About this task — Two lines mark the range in the entries below: the one holding "In the Woods, watercolor, 7 x 6 in." and the one holding "Leporello Ak Kitzingen". Set down those two and all lines between them, exactly.

Data under study —
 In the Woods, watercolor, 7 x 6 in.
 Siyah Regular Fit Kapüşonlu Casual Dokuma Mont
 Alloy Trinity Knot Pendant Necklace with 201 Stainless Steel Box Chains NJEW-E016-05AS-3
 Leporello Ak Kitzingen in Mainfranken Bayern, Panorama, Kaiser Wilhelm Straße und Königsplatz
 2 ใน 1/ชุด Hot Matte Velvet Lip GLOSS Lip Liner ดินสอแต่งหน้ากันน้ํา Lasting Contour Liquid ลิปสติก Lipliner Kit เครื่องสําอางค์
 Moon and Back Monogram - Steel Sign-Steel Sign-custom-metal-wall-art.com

* * *

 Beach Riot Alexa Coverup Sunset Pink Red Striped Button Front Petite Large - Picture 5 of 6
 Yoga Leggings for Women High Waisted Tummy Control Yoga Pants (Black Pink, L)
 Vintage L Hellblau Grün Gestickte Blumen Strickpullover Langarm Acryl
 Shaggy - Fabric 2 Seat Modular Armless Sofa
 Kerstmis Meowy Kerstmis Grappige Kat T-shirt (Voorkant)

Your response —
 In the Woods, watercolor, 7 x 6 in.
 Siyah Regular Fit Kapüşonlu Casual Dokuma Mont
 Alloy Trinity Knot Pendant Necklace with 201 Stainless Steel Box Chains NJEW-E016-05AS-3
 Leporello Ak Kitzingen in Mainfranken Bayern, Panorama, Kaiser Wilhelm Straße und Königsplatz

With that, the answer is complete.